Assignment: In the records below, repeat word for word only the lines starting at the one that contains "Ordena las sílabas de las profesiones" and ending at the one that contains "Timion Organik Tahinli", pictures excluded.

┄┄┄┄┄┄

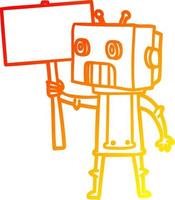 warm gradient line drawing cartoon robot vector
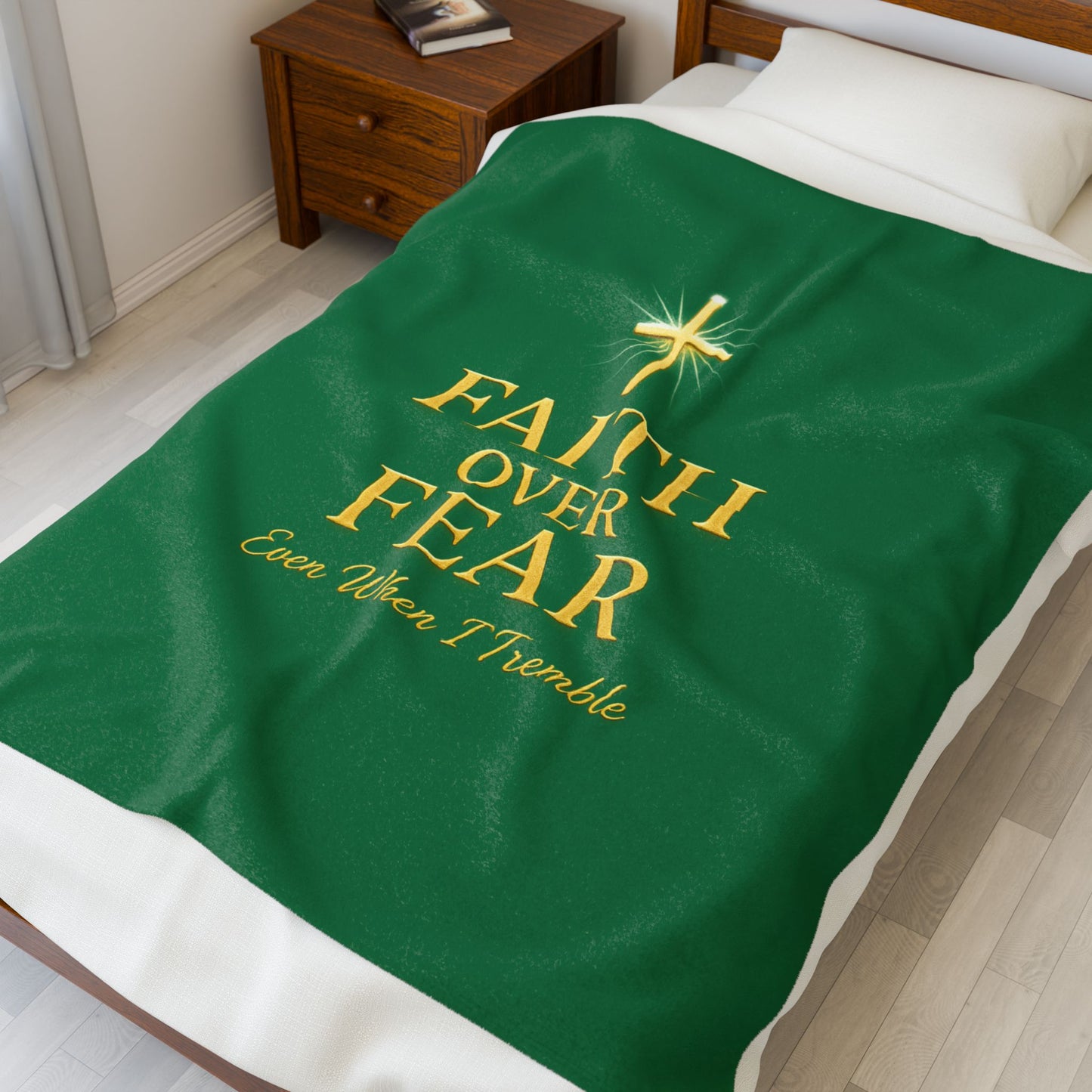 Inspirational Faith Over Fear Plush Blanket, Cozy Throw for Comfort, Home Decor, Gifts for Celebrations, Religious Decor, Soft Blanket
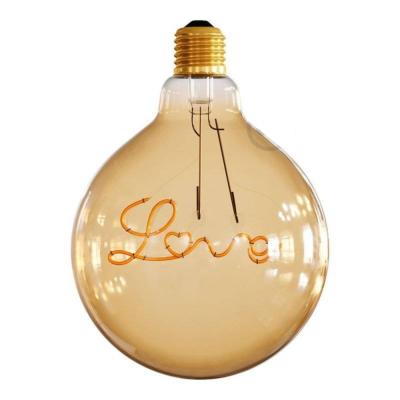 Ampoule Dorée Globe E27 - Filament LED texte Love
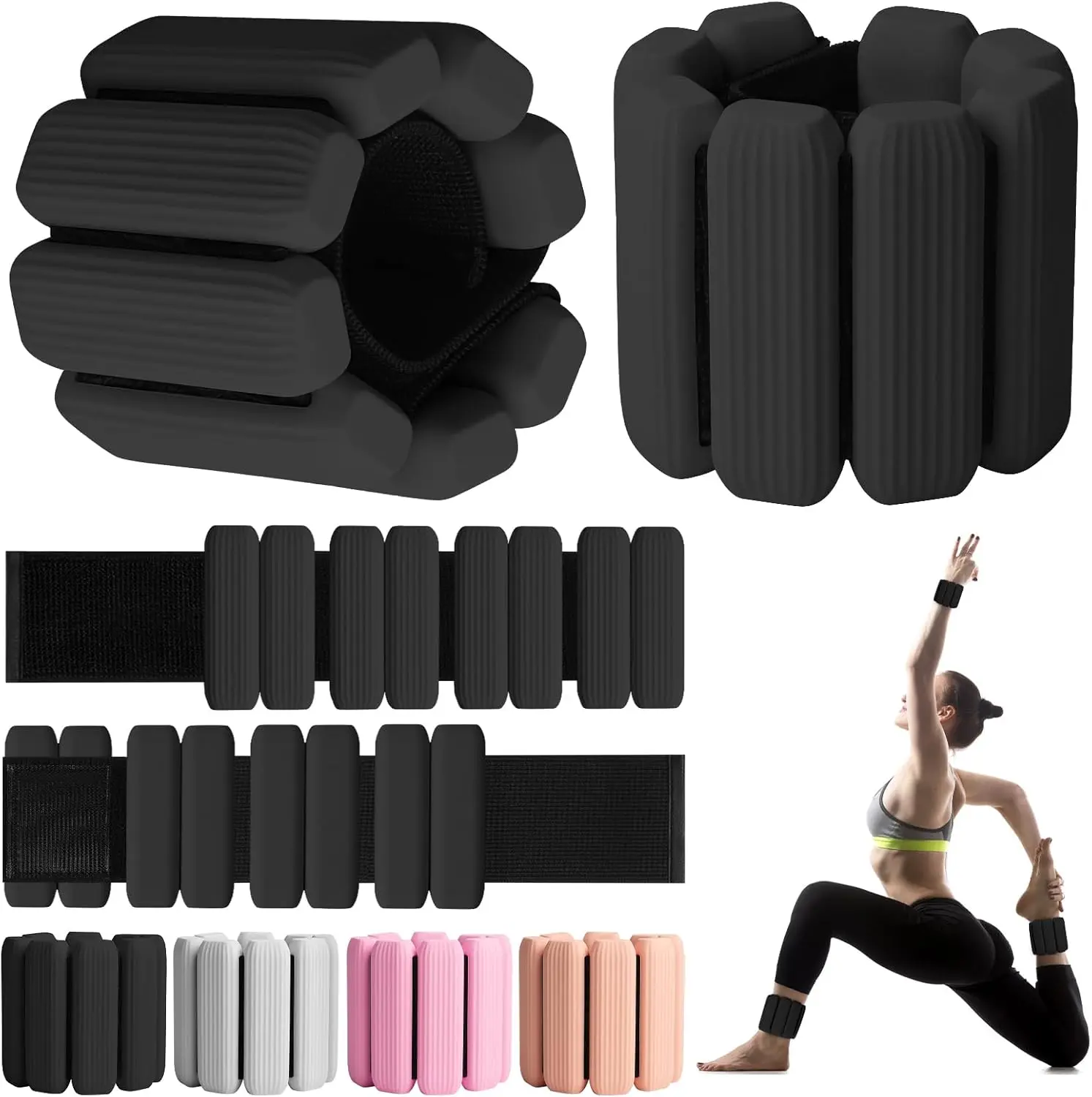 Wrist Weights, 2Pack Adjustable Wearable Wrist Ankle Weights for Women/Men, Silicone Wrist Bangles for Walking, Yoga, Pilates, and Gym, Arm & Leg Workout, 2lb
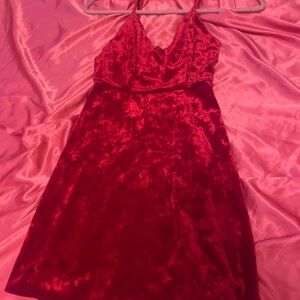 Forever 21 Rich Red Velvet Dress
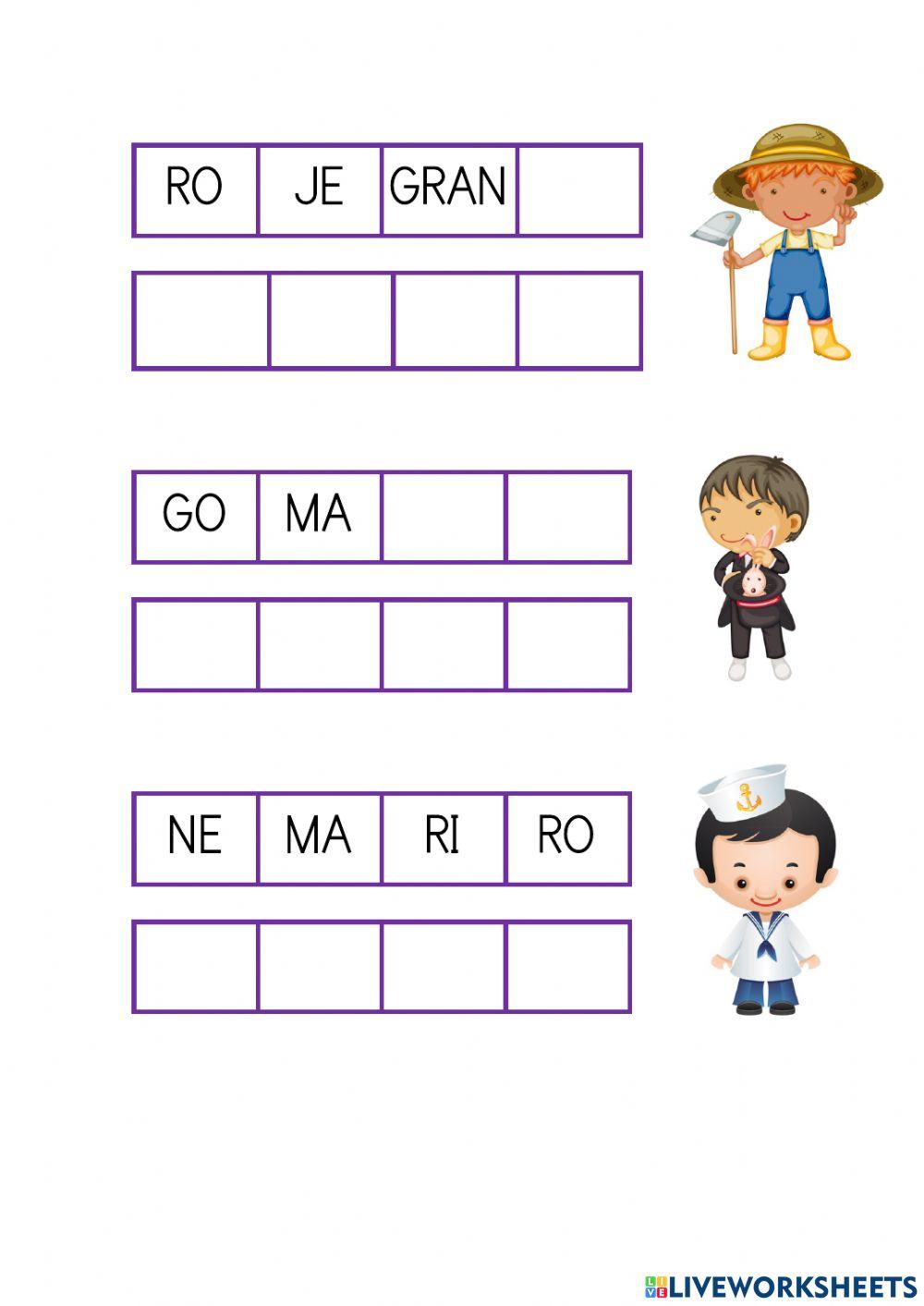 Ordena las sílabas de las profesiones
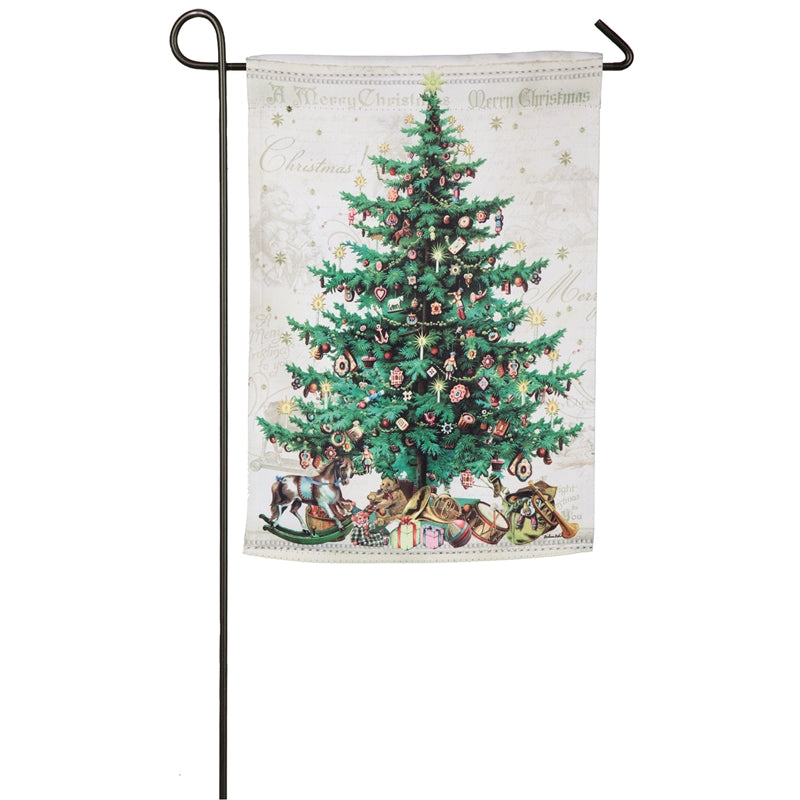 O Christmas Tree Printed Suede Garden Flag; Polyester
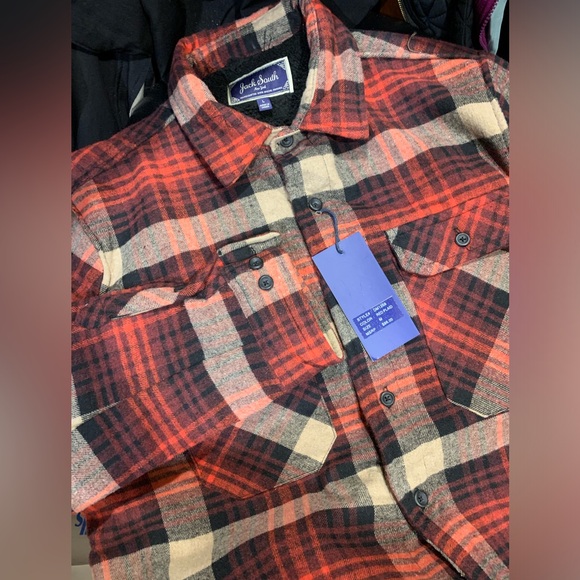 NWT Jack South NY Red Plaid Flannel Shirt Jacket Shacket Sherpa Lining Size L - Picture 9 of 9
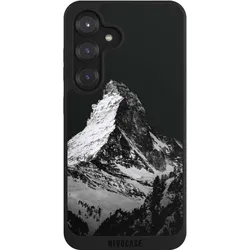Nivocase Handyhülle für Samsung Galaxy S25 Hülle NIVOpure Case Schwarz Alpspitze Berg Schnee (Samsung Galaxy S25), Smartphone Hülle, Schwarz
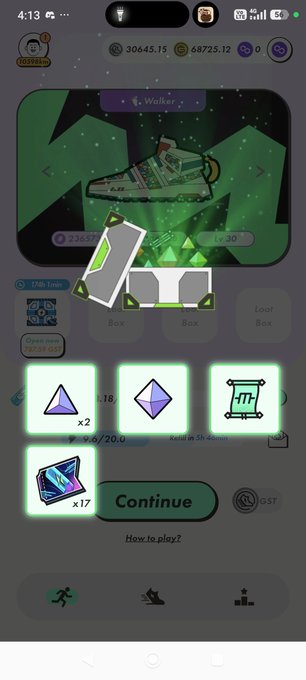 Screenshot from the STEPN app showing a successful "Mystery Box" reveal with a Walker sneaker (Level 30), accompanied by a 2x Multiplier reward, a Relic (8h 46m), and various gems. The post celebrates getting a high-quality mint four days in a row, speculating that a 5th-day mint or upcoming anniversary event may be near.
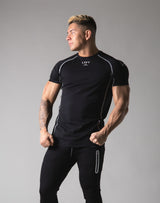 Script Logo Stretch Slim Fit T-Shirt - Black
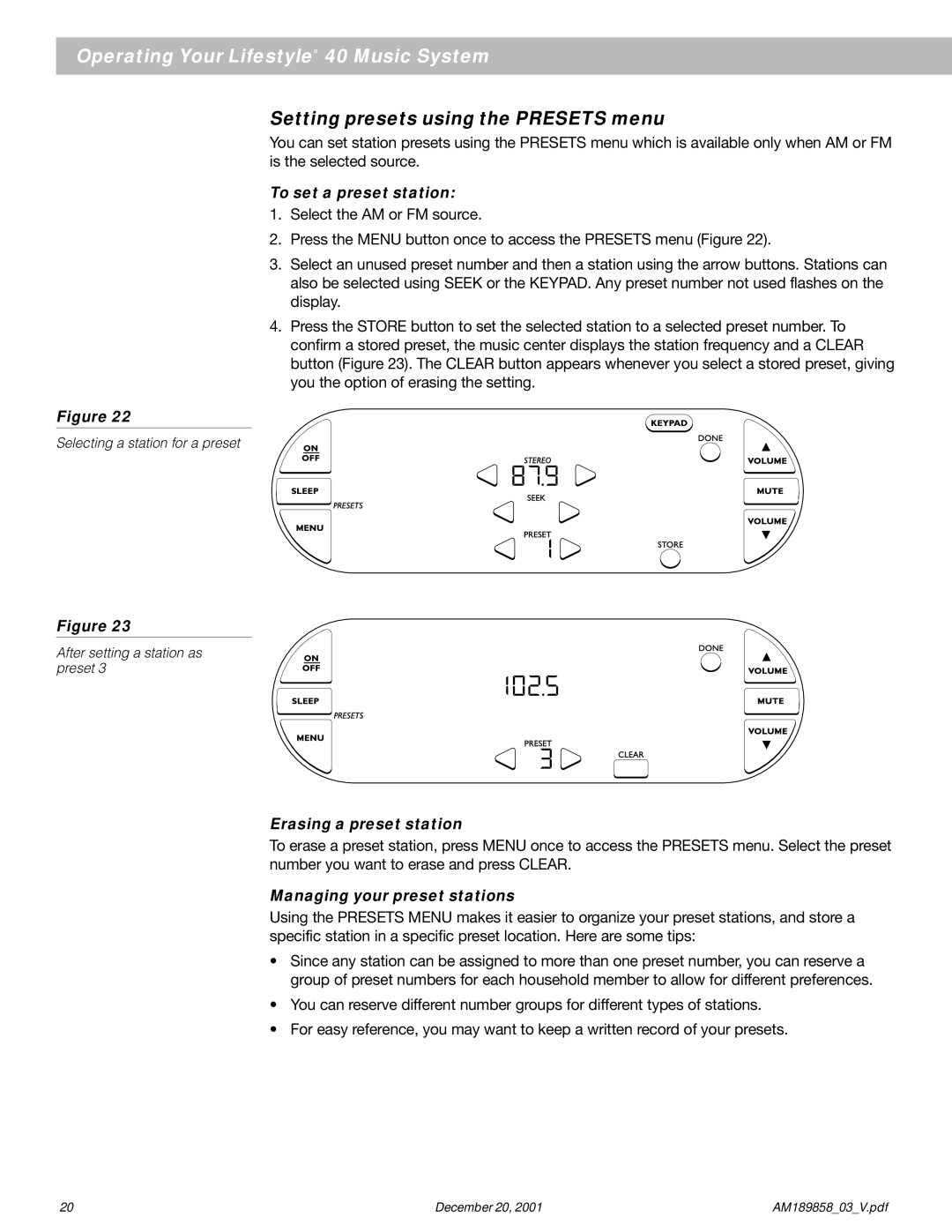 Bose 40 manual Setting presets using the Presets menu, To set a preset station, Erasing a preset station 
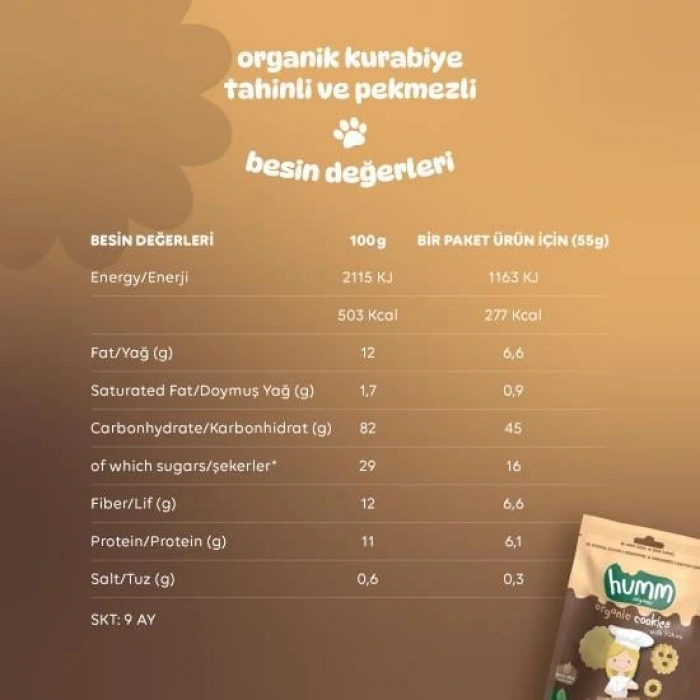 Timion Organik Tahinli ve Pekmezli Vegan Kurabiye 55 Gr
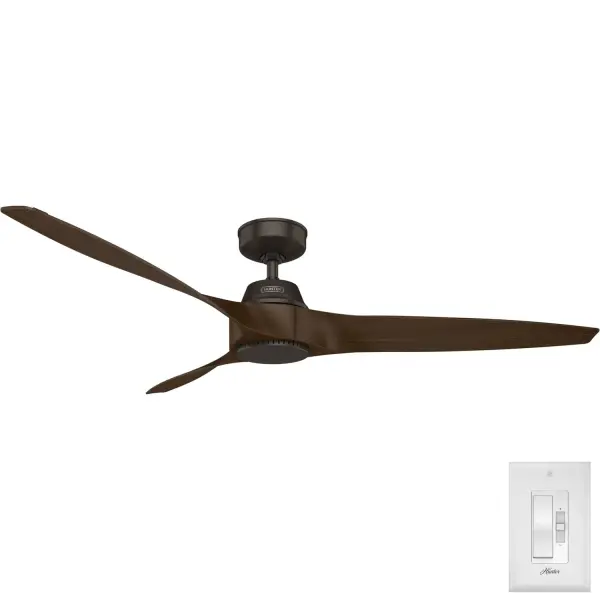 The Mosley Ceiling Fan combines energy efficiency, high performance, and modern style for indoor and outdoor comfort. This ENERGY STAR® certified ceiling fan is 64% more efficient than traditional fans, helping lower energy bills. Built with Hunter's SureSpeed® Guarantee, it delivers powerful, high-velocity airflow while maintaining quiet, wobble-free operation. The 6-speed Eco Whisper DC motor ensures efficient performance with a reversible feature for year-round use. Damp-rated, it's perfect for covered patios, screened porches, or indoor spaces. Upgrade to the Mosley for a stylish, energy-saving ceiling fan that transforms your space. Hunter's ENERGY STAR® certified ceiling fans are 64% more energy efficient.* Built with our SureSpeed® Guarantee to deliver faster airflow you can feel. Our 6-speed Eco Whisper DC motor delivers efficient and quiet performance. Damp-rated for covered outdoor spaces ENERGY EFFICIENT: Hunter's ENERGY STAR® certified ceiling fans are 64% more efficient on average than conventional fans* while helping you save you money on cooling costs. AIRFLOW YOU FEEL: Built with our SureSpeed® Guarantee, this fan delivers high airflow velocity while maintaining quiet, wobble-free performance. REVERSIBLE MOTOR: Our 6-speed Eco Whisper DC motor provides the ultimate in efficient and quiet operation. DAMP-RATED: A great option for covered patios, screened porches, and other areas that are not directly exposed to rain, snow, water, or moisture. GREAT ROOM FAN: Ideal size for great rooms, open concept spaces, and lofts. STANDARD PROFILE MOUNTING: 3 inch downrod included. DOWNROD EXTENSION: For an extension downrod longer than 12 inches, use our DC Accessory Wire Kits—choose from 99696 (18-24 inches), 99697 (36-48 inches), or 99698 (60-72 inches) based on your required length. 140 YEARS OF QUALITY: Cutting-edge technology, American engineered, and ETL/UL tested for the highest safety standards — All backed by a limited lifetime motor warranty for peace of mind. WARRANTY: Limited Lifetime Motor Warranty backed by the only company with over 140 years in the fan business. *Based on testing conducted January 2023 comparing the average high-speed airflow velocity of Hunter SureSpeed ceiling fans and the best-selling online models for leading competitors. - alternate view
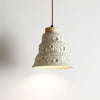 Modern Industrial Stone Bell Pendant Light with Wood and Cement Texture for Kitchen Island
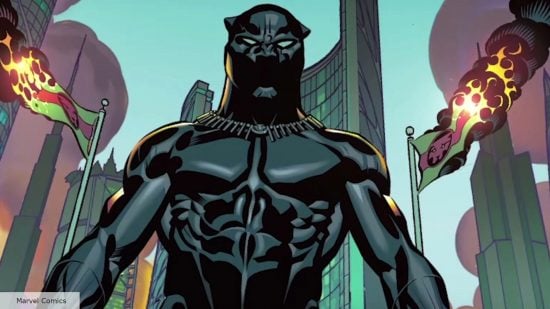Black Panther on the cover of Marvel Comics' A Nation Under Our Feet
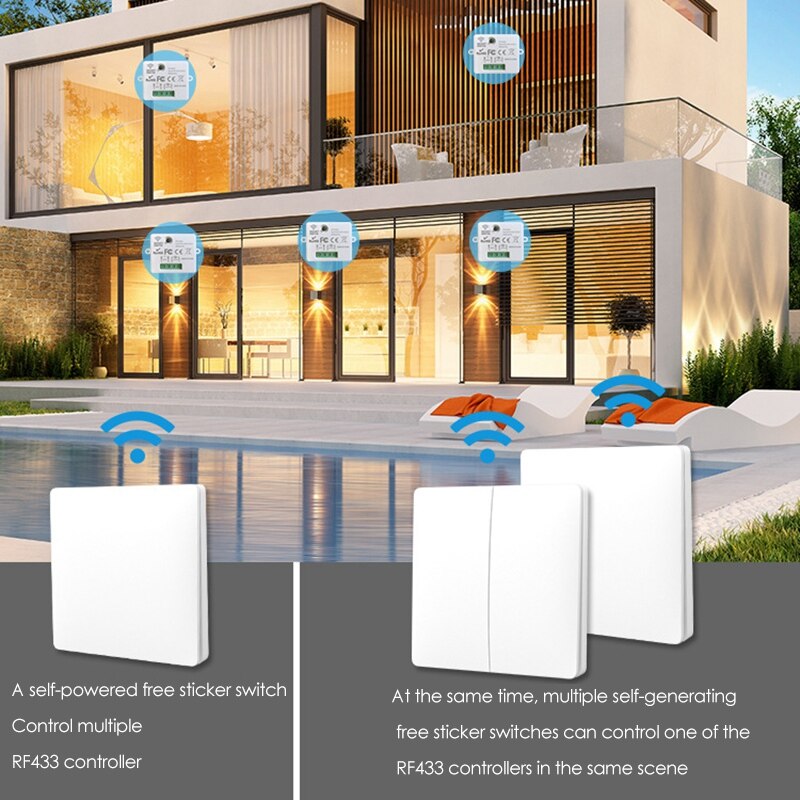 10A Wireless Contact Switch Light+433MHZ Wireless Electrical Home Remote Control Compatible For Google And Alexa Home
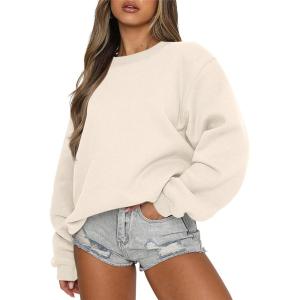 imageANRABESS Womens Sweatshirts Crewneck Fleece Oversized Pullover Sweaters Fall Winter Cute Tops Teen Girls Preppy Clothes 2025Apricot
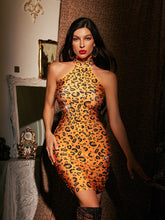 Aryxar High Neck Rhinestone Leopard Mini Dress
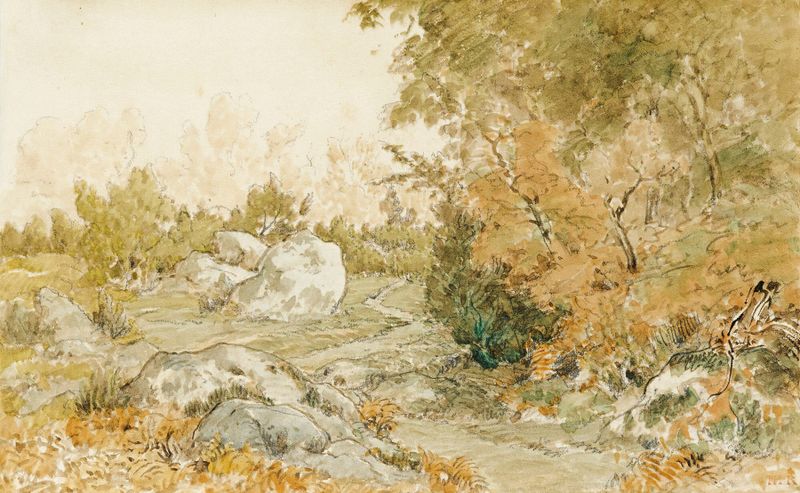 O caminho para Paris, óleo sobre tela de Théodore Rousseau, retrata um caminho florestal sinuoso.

┄┄┄┄┄┄

Solution for this task:
 Ordena las sílabas de las profesiones
 O Christmas Tree Printed Suede Garden Flag; Polyester
 NWT Jack South NY Red Plaid Flannel Shirt Jacket Shacket Sherpa Lining Size L - Picture 9 of 9
Nivocase Handyhülle für Samsung Galaxy S25 Hülle NIVOpure Case Schwarz Alpspitze Berg Schnee (Samsung Galaxy S25), Smartphone Hülle, Schwarz
 Screenshot from the STEPN app showing a successful "Mystery Box" reveal with a Walker sneaker (Level 30), accompanied by a 2x Multiplier reward, a Relic (8h 46m), and various gems. The post celebrates getting a high-quality mint four days in a row, speculating that a 5th-day mint or upcoming anniversary event may be near.
 Script Logo Stretch Slim Fit T-Shirt - Black
 Bose 40 manual Setting presets using the Presets menu, To set a preset station, Erasing a preset station 
 Timion Organik Tahinli ve Pekmezli Vegan Kurabiye 55 Gr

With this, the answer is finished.